Reputation: 5
I have a dataframe where I would like to fill in values from column "reference column" into the column "trial_number" based on the following two conditions:
The values should only be filled into column "trial_number" if both conditions are met at the same time.
One complication is that the columns "start_time" and "end_time" contain more values than columns "a", "b" and "reference_column". The idea is that each of the values in "reference_column" is filled in multiple rows of column "trial_number".
I as well have the columns "a", "b" and "reference_column" in a separate dataframe.
A simplified version of the dataframe looks like this:
reference_column a b trial_number start_time end_time
1 1 10 20 NA 12 18
2 2 22 24 NA 22 23
3 3 30 40 NA 23 24
4 4 45 55 NA 31 32
5 NA NA NA NA 35 36
6 NA NA NA NA 36 37
7 NA NA NA NA 37 39
8 NA NA NA NA 46 51
9 NA NA NA NA 47 53
10 NA NA NA NA 50 54
In the end, the desired output (filled values in "trial_number" should look like this:
reference_column a b trial_number start_time end_time
1 1 10 20 01 12 18
2 2 22 24 02 22 23
3 3 30 40 02 23 24
4 4 45 55 03 31 32
5 NA NA NA 03 35 36
6 NA NA NA 03 36 37
7 NA NA NA 03 37 39
8 NA NA NA 04 46 51
9 NA NA NA 04 47 53
10 NA NA NA 04 50 54
Since I am quite new to R, I would be very happy about any recommendations. I already tried to use a for loop in combination with an if-statement, but wasn't successful because of the unbalanced number of data entries and various conditions.
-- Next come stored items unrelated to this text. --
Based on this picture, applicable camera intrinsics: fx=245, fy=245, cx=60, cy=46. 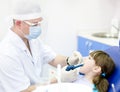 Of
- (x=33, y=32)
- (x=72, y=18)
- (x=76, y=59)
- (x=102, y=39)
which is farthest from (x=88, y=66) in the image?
(x=72, y=18)

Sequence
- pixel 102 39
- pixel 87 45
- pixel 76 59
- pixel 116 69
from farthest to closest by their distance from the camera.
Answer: pixel 87 45 → pixel 102 39 → pixel 76 59 → pixel 116 69

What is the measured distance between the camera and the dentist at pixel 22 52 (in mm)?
1679

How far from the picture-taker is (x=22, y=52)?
1799 millimetres

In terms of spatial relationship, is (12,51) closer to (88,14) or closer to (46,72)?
(46,72)

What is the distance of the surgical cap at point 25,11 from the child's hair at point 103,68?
54cm

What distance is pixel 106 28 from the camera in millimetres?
3453

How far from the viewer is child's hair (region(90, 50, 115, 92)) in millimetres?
1580

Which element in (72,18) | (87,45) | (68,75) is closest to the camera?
(68,75)

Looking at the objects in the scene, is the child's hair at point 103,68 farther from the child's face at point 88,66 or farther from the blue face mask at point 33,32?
the blue face mask at point 33,32

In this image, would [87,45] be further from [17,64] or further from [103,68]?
[17,64]

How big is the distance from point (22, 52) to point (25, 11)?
0.30m

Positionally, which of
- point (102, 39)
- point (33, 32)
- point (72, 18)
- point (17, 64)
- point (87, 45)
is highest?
point (33, 32)

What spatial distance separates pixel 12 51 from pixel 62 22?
60.1 inches

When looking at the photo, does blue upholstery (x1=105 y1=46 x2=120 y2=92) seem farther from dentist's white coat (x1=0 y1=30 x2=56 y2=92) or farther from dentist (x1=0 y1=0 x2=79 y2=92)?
dentist's white coat (x1=0 y1=30 x2=56 y2=92) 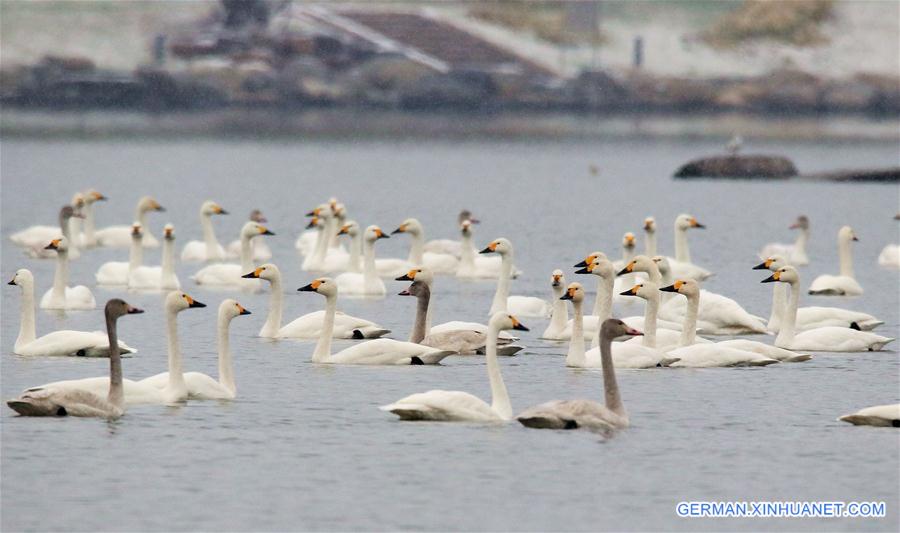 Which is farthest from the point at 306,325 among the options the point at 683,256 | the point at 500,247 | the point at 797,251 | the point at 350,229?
the point at 797,251

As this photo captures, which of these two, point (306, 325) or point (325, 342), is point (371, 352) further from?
point (306, 325)

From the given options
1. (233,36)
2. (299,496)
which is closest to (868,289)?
(299,496)

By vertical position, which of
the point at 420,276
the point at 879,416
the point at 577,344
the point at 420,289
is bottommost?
the point at 879,416

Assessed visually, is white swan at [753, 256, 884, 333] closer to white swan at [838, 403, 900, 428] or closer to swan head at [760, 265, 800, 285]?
swan head at [760, 265, 800, 285]

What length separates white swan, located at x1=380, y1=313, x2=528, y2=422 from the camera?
1786 centimetres

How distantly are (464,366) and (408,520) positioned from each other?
7.03 meters

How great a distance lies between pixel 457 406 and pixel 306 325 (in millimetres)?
6125

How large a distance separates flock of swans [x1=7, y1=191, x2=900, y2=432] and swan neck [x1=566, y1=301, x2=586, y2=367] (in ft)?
0.05

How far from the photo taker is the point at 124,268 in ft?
99.8

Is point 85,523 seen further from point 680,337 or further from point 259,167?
point 259,167

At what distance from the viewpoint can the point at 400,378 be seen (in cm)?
2073

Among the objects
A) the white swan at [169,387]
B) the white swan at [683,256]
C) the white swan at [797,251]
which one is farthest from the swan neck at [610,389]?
the white swan at [797,251]

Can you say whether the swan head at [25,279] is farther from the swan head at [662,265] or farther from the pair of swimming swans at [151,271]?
the swan head at [662,265]

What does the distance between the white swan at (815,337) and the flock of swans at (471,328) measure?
19mm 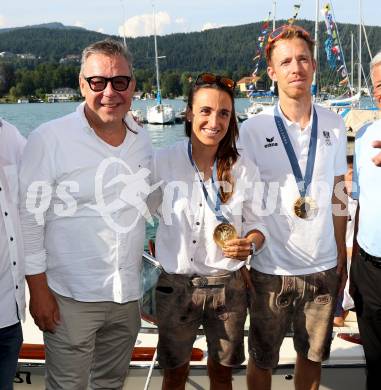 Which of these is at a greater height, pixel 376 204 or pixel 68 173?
pixel 68 173

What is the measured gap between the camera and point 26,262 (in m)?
2.48

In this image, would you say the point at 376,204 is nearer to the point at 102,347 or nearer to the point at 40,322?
the point at 102,347

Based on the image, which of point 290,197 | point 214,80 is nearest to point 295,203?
point 290,197

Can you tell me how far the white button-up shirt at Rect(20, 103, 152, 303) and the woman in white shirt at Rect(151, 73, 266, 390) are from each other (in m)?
0.21

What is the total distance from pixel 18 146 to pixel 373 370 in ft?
7.71

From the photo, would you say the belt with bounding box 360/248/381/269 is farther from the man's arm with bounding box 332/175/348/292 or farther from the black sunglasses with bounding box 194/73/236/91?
the black sunglasses with bounding box 194/73/236/91

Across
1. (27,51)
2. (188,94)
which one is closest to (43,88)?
(27,51)

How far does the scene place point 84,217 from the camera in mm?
2539

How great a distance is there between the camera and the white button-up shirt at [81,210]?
2439 mm

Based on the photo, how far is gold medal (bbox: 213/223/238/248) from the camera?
2.70 metres

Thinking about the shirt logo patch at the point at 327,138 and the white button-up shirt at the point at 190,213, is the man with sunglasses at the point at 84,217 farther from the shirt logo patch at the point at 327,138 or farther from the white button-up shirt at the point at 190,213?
the shirt logo patch at the point at 327,138

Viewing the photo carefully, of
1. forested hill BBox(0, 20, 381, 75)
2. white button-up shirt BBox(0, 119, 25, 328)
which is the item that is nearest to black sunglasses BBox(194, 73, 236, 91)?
white button-up shirt BBox(0, 119, 25, 328)

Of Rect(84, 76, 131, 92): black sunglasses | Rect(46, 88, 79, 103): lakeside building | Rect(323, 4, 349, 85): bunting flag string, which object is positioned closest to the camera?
Rect(84, 76, 131, 92): black sunglasses

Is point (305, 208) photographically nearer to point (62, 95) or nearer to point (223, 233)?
point (223, 233) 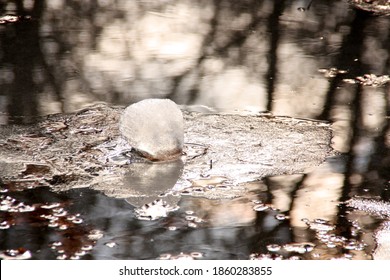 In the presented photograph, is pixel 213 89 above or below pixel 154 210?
above

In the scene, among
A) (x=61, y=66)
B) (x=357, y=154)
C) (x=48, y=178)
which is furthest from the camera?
(x=61, y=66)

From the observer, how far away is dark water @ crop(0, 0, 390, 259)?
5.60 m

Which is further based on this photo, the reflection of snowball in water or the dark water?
the reflection of snowball in water

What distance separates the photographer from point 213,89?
8977 mm

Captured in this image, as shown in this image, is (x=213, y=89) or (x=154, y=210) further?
(x=213, y=89)

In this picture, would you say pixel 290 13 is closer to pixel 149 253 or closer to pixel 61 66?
pixel 61 66

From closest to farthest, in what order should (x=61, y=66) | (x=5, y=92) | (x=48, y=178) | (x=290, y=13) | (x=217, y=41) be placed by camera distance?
(x=48, y=178), (x=5, y=92), (x=61, y=66), (x=217, y=41), (x=290, y=13)

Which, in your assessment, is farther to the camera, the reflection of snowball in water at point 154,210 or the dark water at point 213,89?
the reflection of snowball in water at point 154,210

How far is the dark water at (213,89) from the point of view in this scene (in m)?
5.60

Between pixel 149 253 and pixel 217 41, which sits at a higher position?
pixel 217 41

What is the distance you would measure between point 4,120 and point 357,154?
361 centimetres

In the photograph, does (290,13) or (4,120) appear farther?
(290,13)
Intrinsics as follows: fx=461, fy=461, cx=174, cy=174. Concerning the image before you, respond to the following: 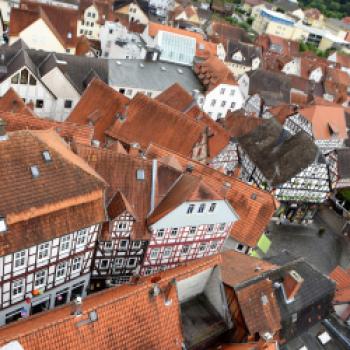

Thanks a lot in advance!
Upvotes: 0
Views: 74
Reputation: 1922
Perhaps this approach would be helpful?
Dataset:
library(tidyverse)
df <- data.frame(referenceColumn = seq(from =1, to = 10, by =1),
a = c(10, 22, 30, 45, NA, NA, NA, NA, NA, NA),
b = c(20, 24, 40, 55, NA, NA, NA, NA, NA, NA),
trialNumber = rep(NA, 10),
startTime = c(12, 22, 23, 31, 35, 36, 37, 46, 47, 50),
endTime = c(18, 23, 24, 32, 36, 37, 39, 51, 53, 54))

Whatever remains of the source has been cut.